- Task objective -
In the material below, the required lines run from the one containing "Çiğ Kabak Çekirdeği" through the one containing "Wolverine Wellington Work Boots". Copy those lines exactly, ends included, and nothing else.

- Records provided -
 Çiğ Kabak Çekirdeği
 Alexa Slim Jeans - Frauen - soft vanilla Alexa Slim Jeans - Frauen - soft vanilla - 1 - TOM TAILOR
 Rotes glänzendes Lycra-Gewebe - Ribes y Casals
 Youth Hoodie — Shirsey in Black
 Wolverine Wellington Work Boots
* * *
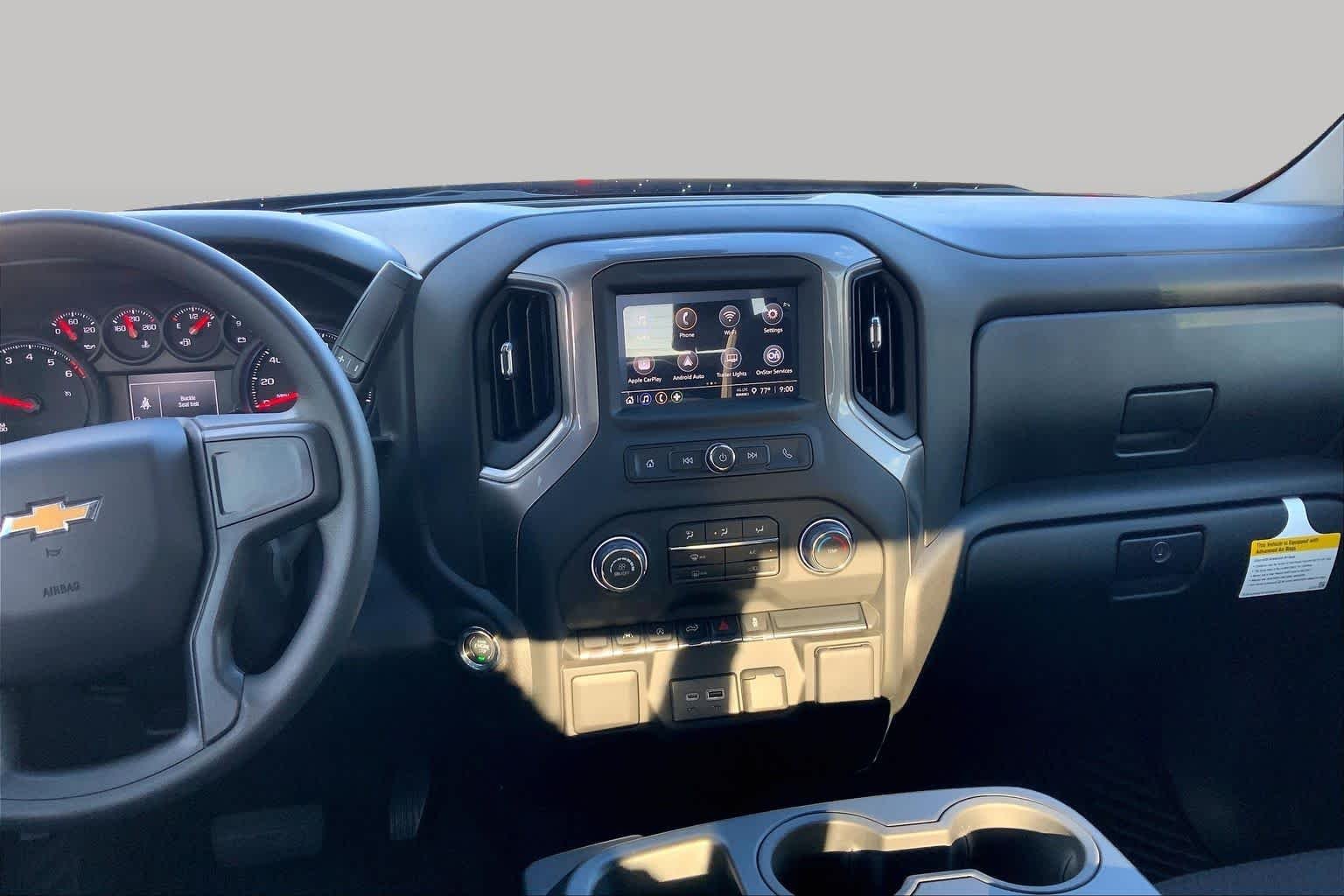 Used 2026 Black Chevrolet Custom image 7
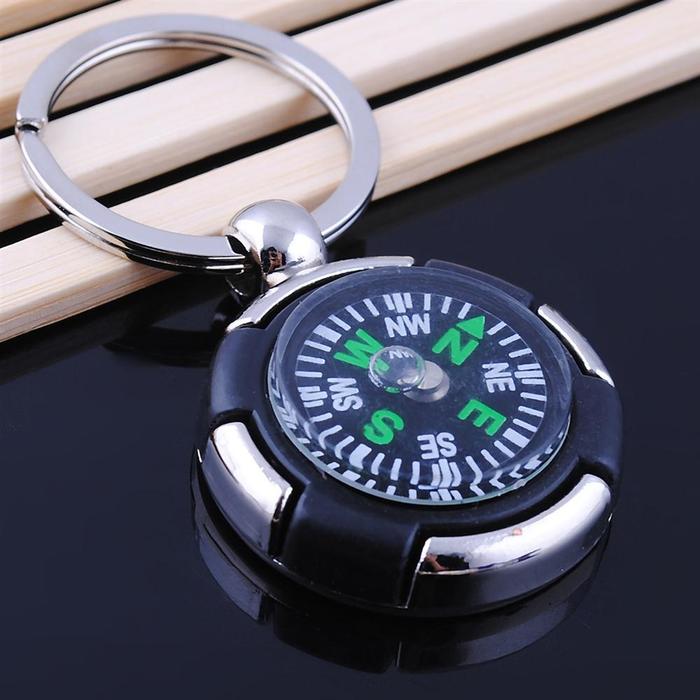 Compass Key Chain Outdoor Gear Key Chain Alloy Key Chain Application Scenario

- Task solution -
 Çiğ Kabak Çekirdeği
 Alexa Slim Jeans - Frauen - soft vanilla Alexa Slim Jeans - Frauen - soft vanilla - 1 - TOM TAILOR
 Rotes glänzendes Lycra-Gewebe - Ribes y Casals
 Youth Hoodie — Shirsey in Black
 Wolverine Wellington Work Boots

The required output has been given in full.